Brief descriptive captions
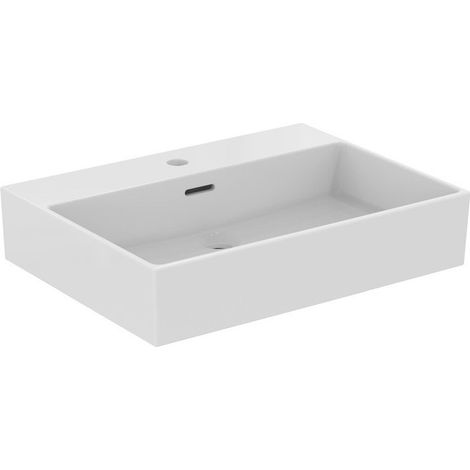 Lavabo EXTRA 600x450x150mm bianco con rubinetteria IdealPlus 1 foro, con troppopieno IDEAL STANDARD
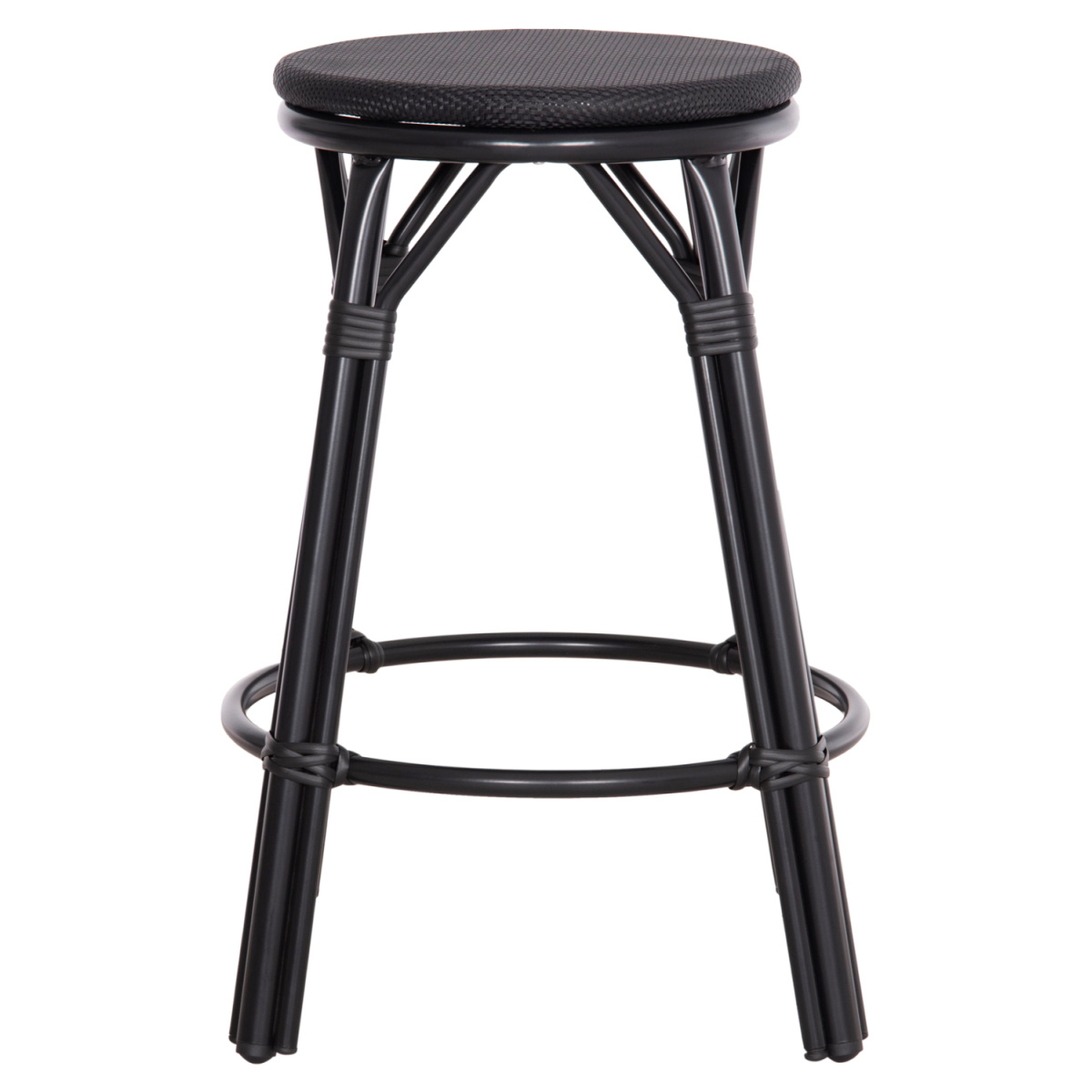 ΣΚΑΜΠΟ ΜΠΑΡ ΑΛΟΥΜΙΝΙΟΥ ΜΕΣΑΙΟΥ ΥΨΟΥΣ CHINO HM6286.02 BAMBOO LOOK & TEXTILENE ΜΑΥΡΟ 43x43x65Υεκ - Image 3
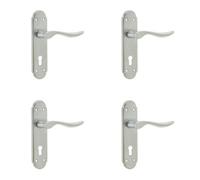 Loops 4 Pack Victorian Style Satin Chrome Suite Door Handle With Lockplate - Interior Lever On Backplate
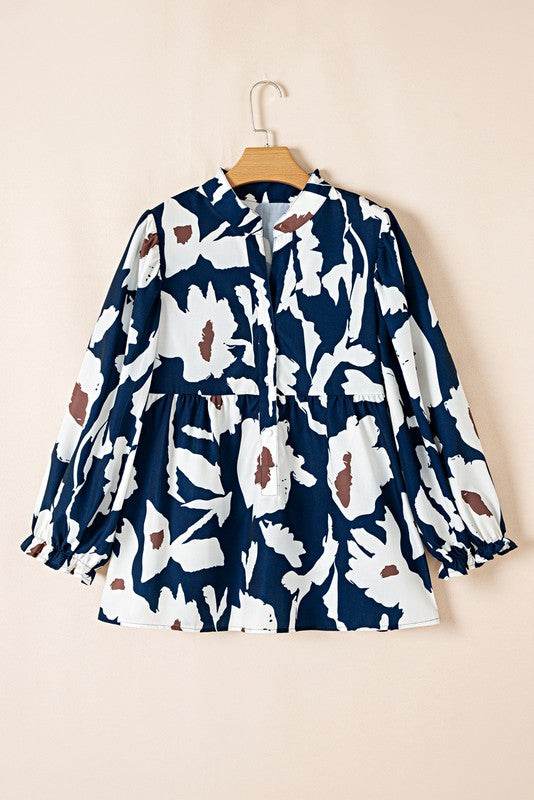 60s Flower Frill Neck Loose Blouse - Shop Style & More | Fresh Looks, Everyday Deals & Free Shipping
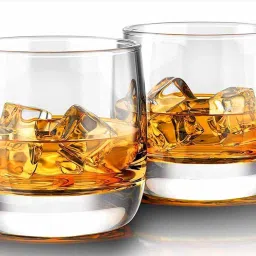 vetreo (Pack of 6) 310 ML Imported Fancy Designer Scotch Glass with Stunning Bottom Design for Multipurpose Use for Whiskey, Scotch, Cold Drink, Welcome Drink and etc., Set of 06 Glass Set Whisky Glass image 2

• **PROBLEM TO WORK ON**:
What are the lines from the one containing "Loops 4 Pack" through the end of the records? Write them out exactly, leaving out the pictures.

• **WRITTEN SOLUTION**:
 Loops 4 Pack Victorian Style Satin Chrome Suite Door Handle With Lockplate - Interior Lever On Backplate
 60s Flower Frill Neck Loose Blouse - Shop Style & More | Fresh Looks, Everyday Deals & Free Shipping
 vetreo (Pack of 6) 310 ML Imported Fancy Designer Scotch Glass with Stunning Bottom Design for Multipurpose Use for Whiskey, Scotch, Cold Drink, Welcome Drink and etc., Set of 06 Glass Set Whisky Glass image 2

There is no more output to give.